Un ejemplo de este problema –dudaría en decir «un caso puntual»– es el sistema teológico propuesto por el bautista inglés altamente (algunos dirían «hiper») calvinista, John Gill, y la forma en que su sistema ha sido leído en la vida de algunas de las llamadas denominaciones bautistas particulares. Sin duda, Gill afirmó los cinco puntos. De hecho, sostuvo una versión intensificada del tercer punto al argumentar que la obra de Cristo estaba limitada tanto en su suficiencia como en su eficacia: La satisfacción de Cristo no fue meramente, según Gill, eficiente únicamente para los elegidos, sino que también fue suficiente para los pecados de los elegidos solamente. Con esta idea radical de la elección, Gill podía considerar que todo el orden de la salvación tenía lugar en la eternidad: la justificación y la adopción eran ahora actos eternos de Dios. Puesto que nada tenía lugar en el tiempo a excepción de la promulgación del decreto, en el sistema de Gill no había necesidad de un orden temporal de la gracia. Los sacramentos podían considerarse simplemente como ordenanzas, y el bautismo podía verse como un signo administrado únicamente a los adultos, después de que el decreto eterno se hubiera ejecutado en un individuo. Los que han seguido la teología de Gill no permiten ningún ofrecimiento de la gracia, sino solo una predicación acerca de la gracia.

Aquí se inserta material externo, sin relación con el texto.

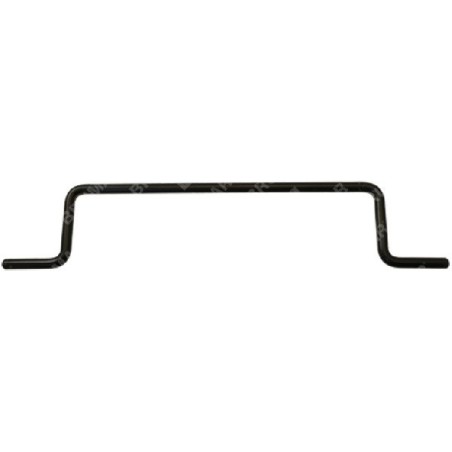 Hinterradachse für PROGREEN Rasenmäher – 059219 | NewgardenParts.com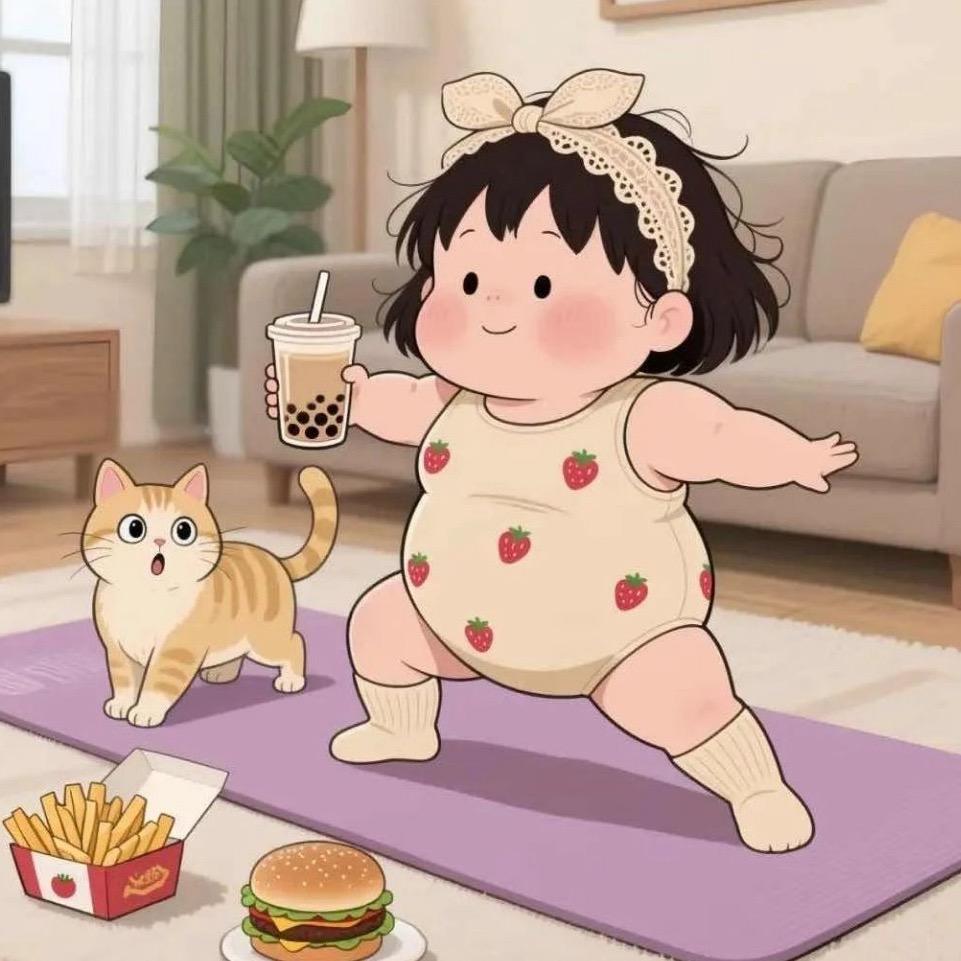胡萝卜🥕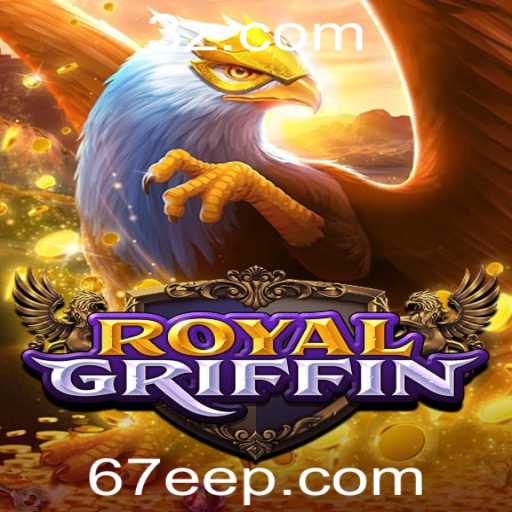 Explorando o Mundo de RoyalGriffin: Uma Aventura Inesquecível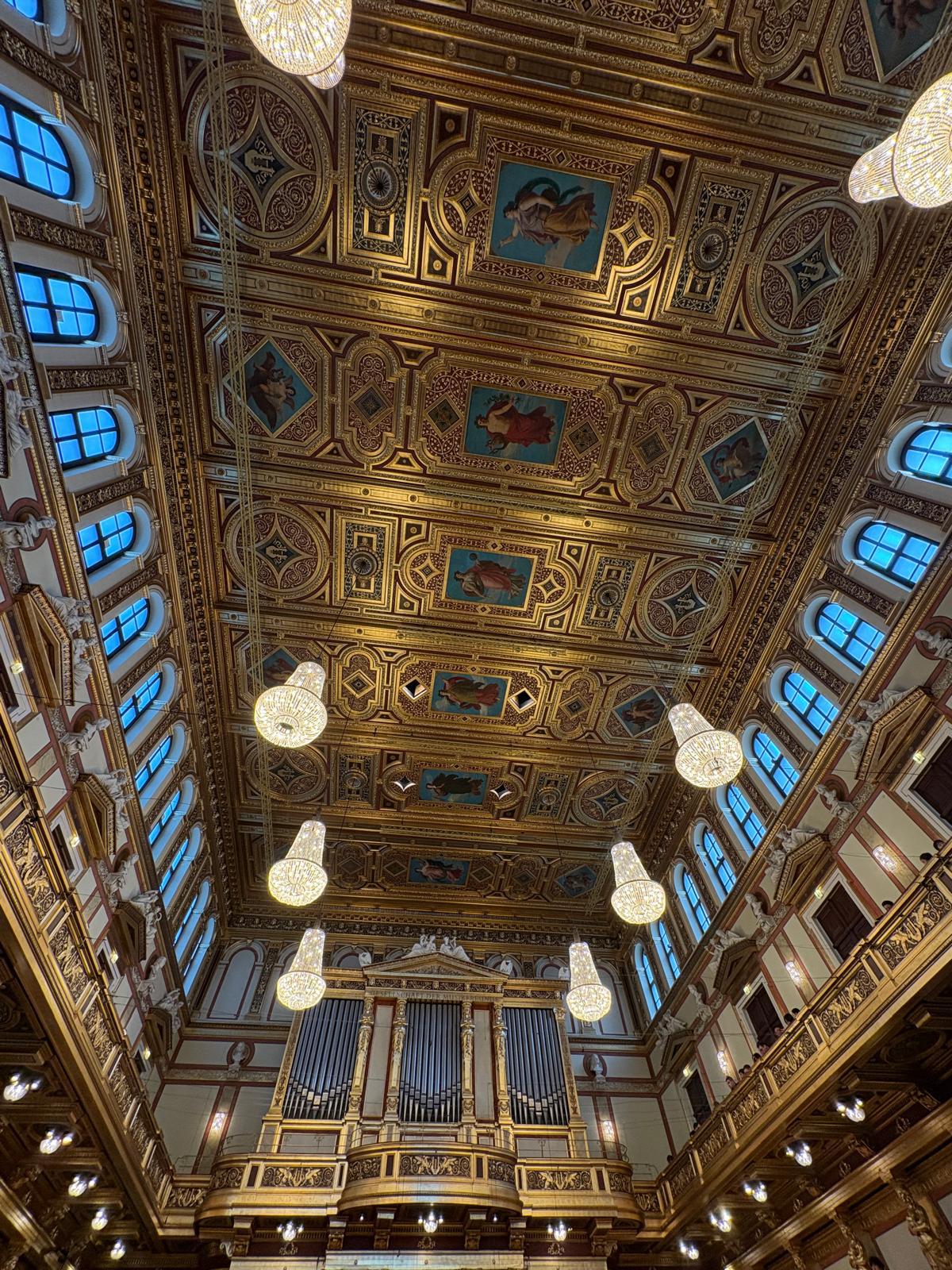Fondazione Merita celebra il trionfo dell’Orchestra Giovanile di Laureana di Borrello al World Orchestra Festival di Vienna
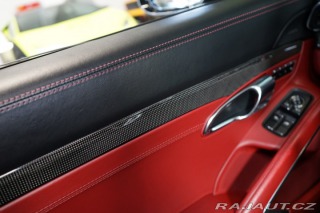 Porsche 911 CARRERA*4*GTS*991.2*PANO* 2018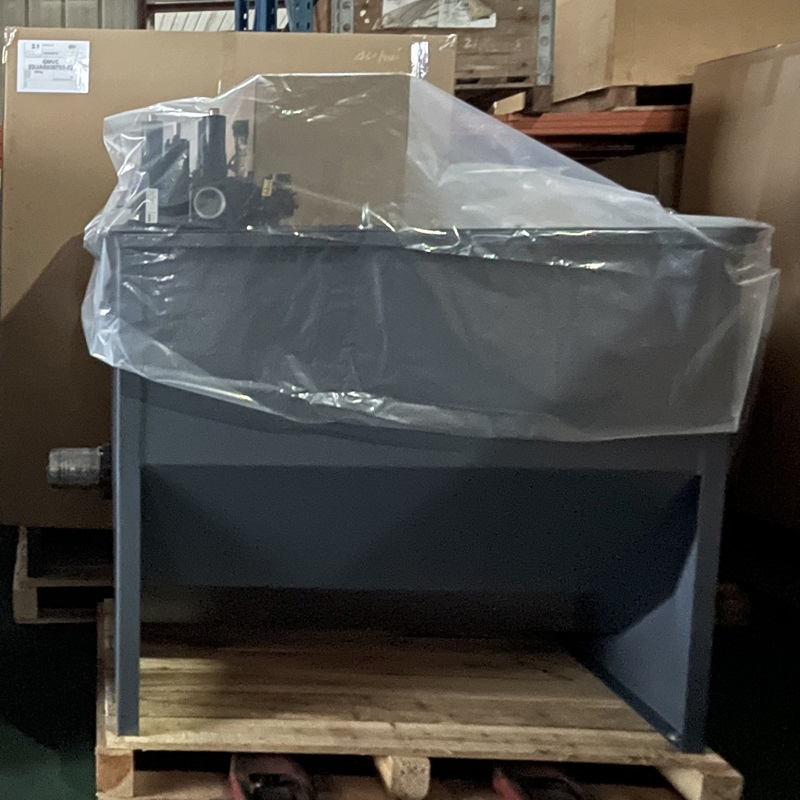 CE Approve Hydraulic Lift 10000kg Vvvf Goods Elevator Freight Elevator Cargo Lift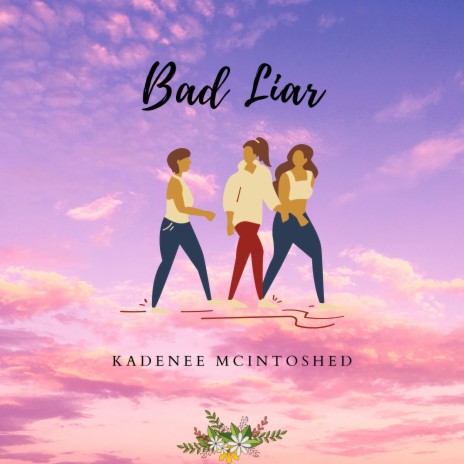 Bad Liar | Boomplay Music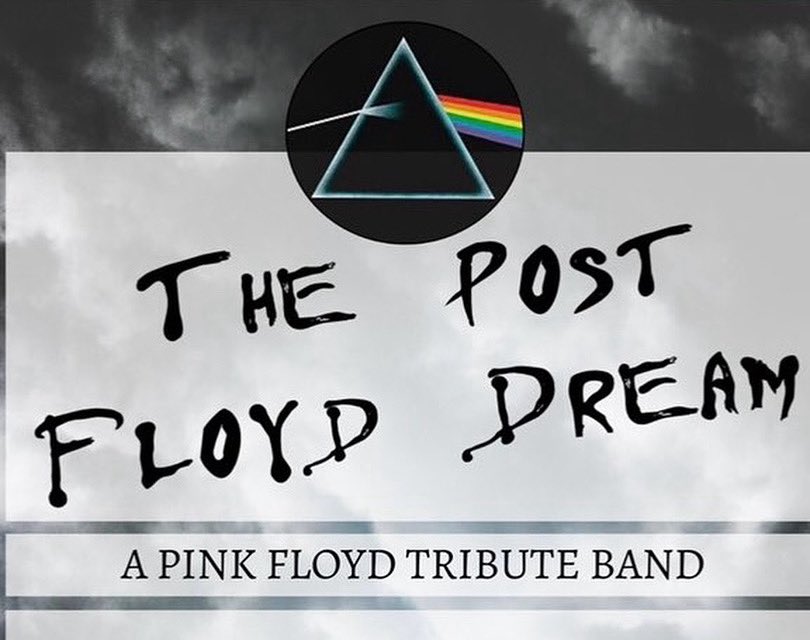 Tribute band The Post Floyd Dream bring together their love of Pink Floyd to create a stunning and memorable show. 🎶 Inc tracks from classic albums Meddle, Dark Side of the Moon and The Wall, see them perform at Jubilee Hall on Sat 22nd November.
🎸🎟️ aldeburghjubileehall.co.uk/whats-on/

Han tendido a no ofrecer ninguna instrucción en el cristianismo para los niños y por lo general se han opuesto a las misiones cristianas, porque no se necesita ninguna agencia humana en la obra electiva de Dios. También han seguido a Gill y a muchos otros después de él en la especulación sobre el milenio venidero cuando, finalmente, la carrera de Satanás habrá terminado y ya no podrá vagar por el mundo «buscando a quien devorar».

La lógica de tal teología es ver la gracia electiva de Dios como un rayo salido de la nada sin [ninguna] mediación. Nadie sabe dónde puede caer y nadie puede encontrar ninguna seguridad, ya sea a través de la participación en la vida del pueblo pactual de Dios o sobre la base del creer o la conducta, de que él o ella será o, de hecho, es ahora contado entre los elegidos. Gill sostuvo un evangelio antinomiano que podía declarar en su predicación de la gracia que ninguna obediencia a los mandamientos divinos era requerida para la salvación y que en la iglesia no debían hacerse ofrecimientos de la gracia. En los propios términos de Gill, la membresía en su comunidad bautista particular no podía ser señal de salvación ni seguridad de su posibilidad. La gracia y la salvación podrían ocurrir fácilmente en una isla desierta.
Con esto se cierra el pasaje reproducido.